St Albans Secondary College student council deployed the scheme to give students a way to speak up without fear of repercussion from their bullies (or fear of a lack of adequate response from adults).
The box has worked, helping create a culture of “restorative justice”.
Bully boxes aren’t a new idea (here’s one in a US school), but they’re a solid one – and not unlike abuse reporting in many online communities.
Virtual boxes allow members to alert community custodians when people cross the lines defined by social norms or official rules.
Reporting is sometimes attributed to a username or handle, but no identifying information is required to report bad behaviour.
These systems, managed (and evolved) by great moderators and community managers, are a key tool in maintaining healthy communities.
It’s refreshing to see an offline example that counters the cry that anonymity leads us inexorably to the dark side.
Since I last wrote about the complications of imposing a real (read: offline) name culture online, the Nym Wars have raged, triggered by Google’s attempt to mandate that G+ users hold accounts in their ‘real names’ and nothing but.
Human identity is prismatic and dimensional. Exploring and inhabiting the full extent(s) of our selves is a part of being human. No single lateral ‘real name’ identity should ever be allowed to colonise our interactions and representations of self, despite the misguided arguments of digital power players.
Aliases do not create bullies and anonymity can be used to fight back.
Driving the ‘real name’ as means to civil utopia discourse are private companies keen to capture a granular big picture of our whole selves, online and off.
We seem to understand this on one level. We get in a tizzy about privacy, demanding that web behemoths like Google and Facebook not be able to tether our browsing or buying habits to the rest of our offline lives and selves.
We insist on the right to manage our own contexts, as we choose.
We recognise that who we are now, isn’t who are we tomorrow.
And we understand that real names do not mean safety. For many, they mean the complete opposite.
It’s not just whistle blowers and dissenters who benefit from anonymity. An environment where people feel they can speak their mind without intimidation means that challenging subjects will be aired, and the best and worst of us will surface.
Transformations are possible, because we see the gulf of us.
It’s time we stopped crying foul at bullies ‘hiding’ behind aliases and focused creating our own restorative culture where our communities are empowered to stand strong.
The behaviour deserves outrage; not the fact we don’t know it’s our neighbour. We’re all capable of power plays. And we’re all capable of change.
There’s nothing to stop a St Albans student from falsely outing someone as a bully, as part of a personal vendetta, or an act of bullying in itself.
But the article suggests that teachers are looking for patterns, rather than specifics.
If a name crops up multiple times, from different students, then there’s a reason to investigate further.
The notes aren’t judge, jury and executioner; they’re a nudge and a clue, where none may have existed.

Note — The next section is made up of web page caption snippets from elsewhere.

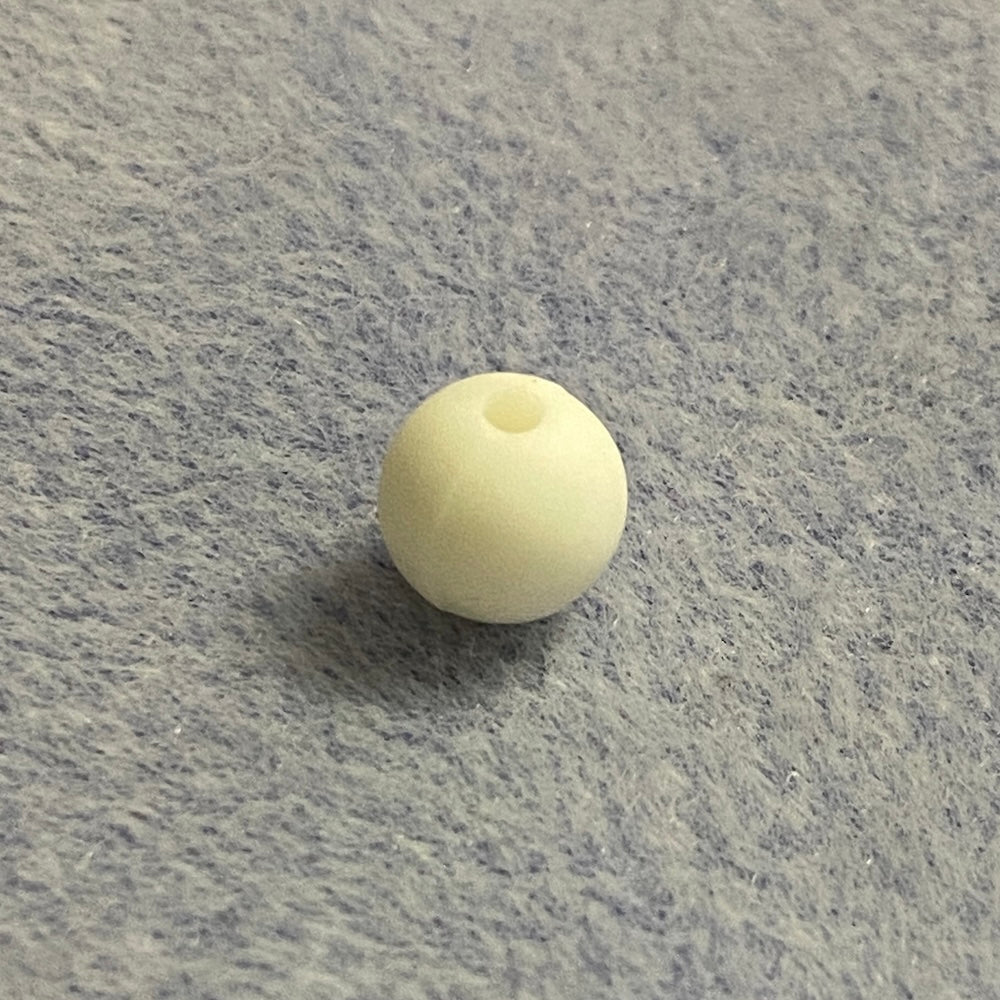 white silicone bead on a gray textured surface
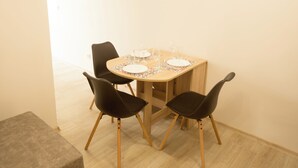 Un comedor con una mesa redonda, cuatro sillas negras y un banco.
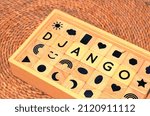 Small photo of DJANGO word text from wooden cube block letters on braided rattan mats background.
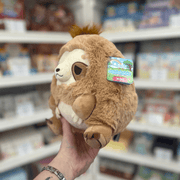 Mini Squishable Sleepy Sloth plush toy held in hand, angled side view showing the fluffy brown fur, rounded body, cream face and Squishable tag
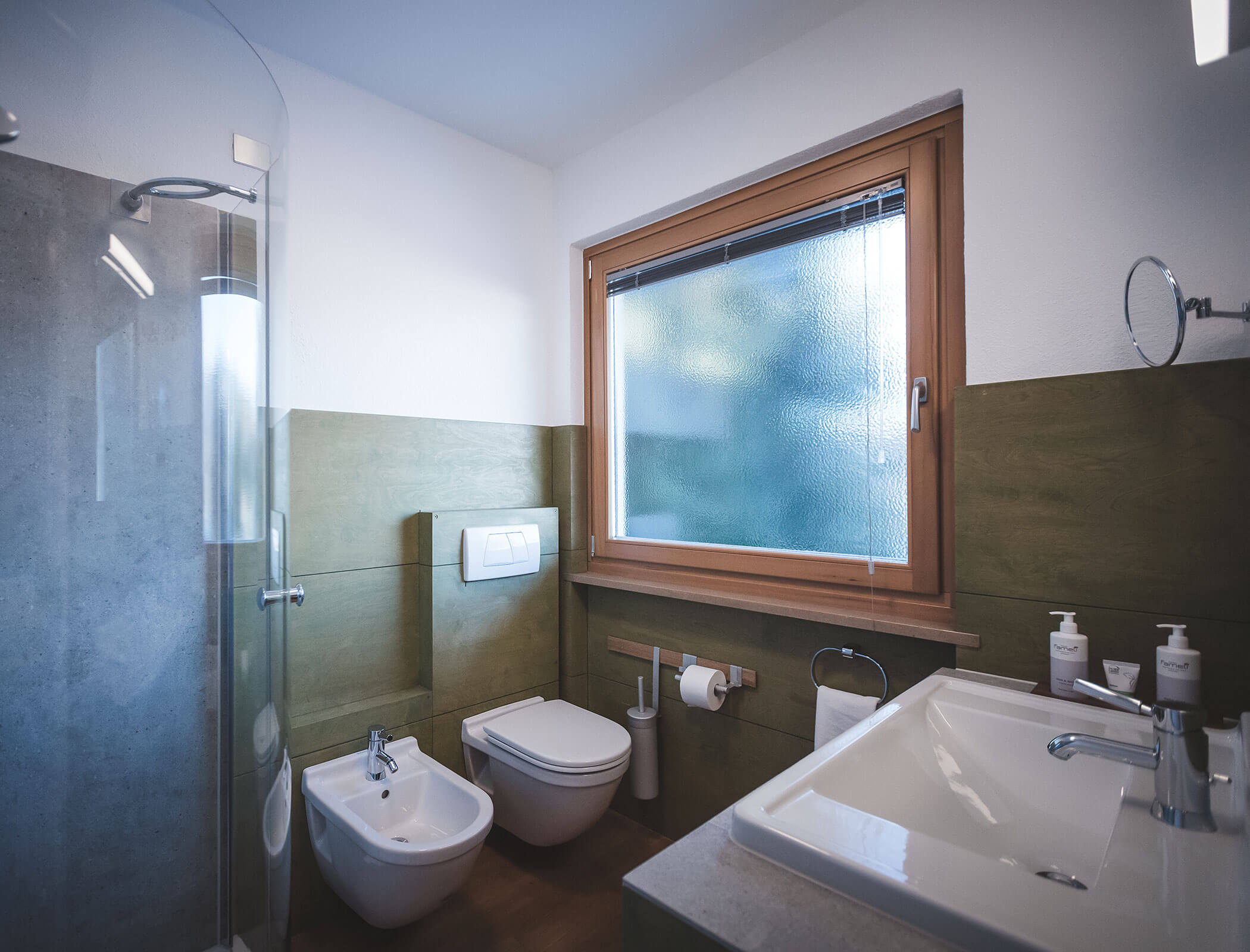Modernes Badezimmer mit Dusche, Bidet, Toilette, Waschbecken, großem Fenster und grünen Akzenten an den Wänden. - Hotel Fameli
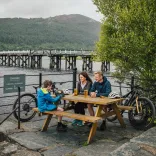 Teulu gyda beiciau yn eistedd wrth fainc bicnic, Llwybr Mawddach
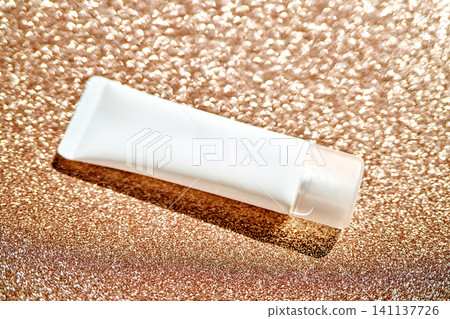 White cosmetic serum tube on golden glitter background White cosmetic serum tube on golden glitter background 141137726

Community managers and moderators use similar techniques to identify which community members or users might warrant a closer look, or a private conversation explaining that their behaviour is a concern to many in the community.
The clincher is the follow through. Teachers take visible action as a result of the students notes. Without outcomes, the box would become empty over time. It’s the same in online communities. Moderation needs to be visible enough for members to know someone is looking out for them, but not so personal that it’s confronting and dissuading for them to help out in keeping the peace.
Granted, St Albans’ box is a neatly locked container, not a public, searchable and discoverable web.
The notes in the St Albans programs aren’t made available to everyone (I presume), like a conversation online.
But here we have a community that has created a workable, fair system of governance that doesn’t patronise and has shaped culture change.
Moderation systems should do the same.
They should be honestly and organically internalised by the communities they serve, accommodating social and cultural sensitivities as well as legal regimes.
They should be a partnership between professionals and members (in this case, teachers and students).
They should be realistic, focusing on the collective, the long term, and the small victories that can build precedents.
They should be equitably applied, protecting identities or actions likely to spur reprisal.
I am generally referring to bounded communities here (such as forums, or discussion groups, where there is rich peer to peer interaction and a community manager has some bandwidth to establish culture and governance), however these principles can be applied to any social space online.
Consistency, practical and visible governance, and a respect for multifarious identities make for richer, more lasting interactions, no matter the scenery.
Our communities and contexts are innumerable, and demand unique scaffolding for sociability, civility and transgression.
A blanket moratorium on anonymity or pseudonymity is impractical, an improper flexing of privelege, and no solution to uncivil or bullying behaviours.
Kudos to St Albans for reminding us that ‘namelessness’ can give people a voice, and for giving young people respect and agency they’re often denied in the name of ‘protection’.
They’ve defined themselves through their actions, not their names.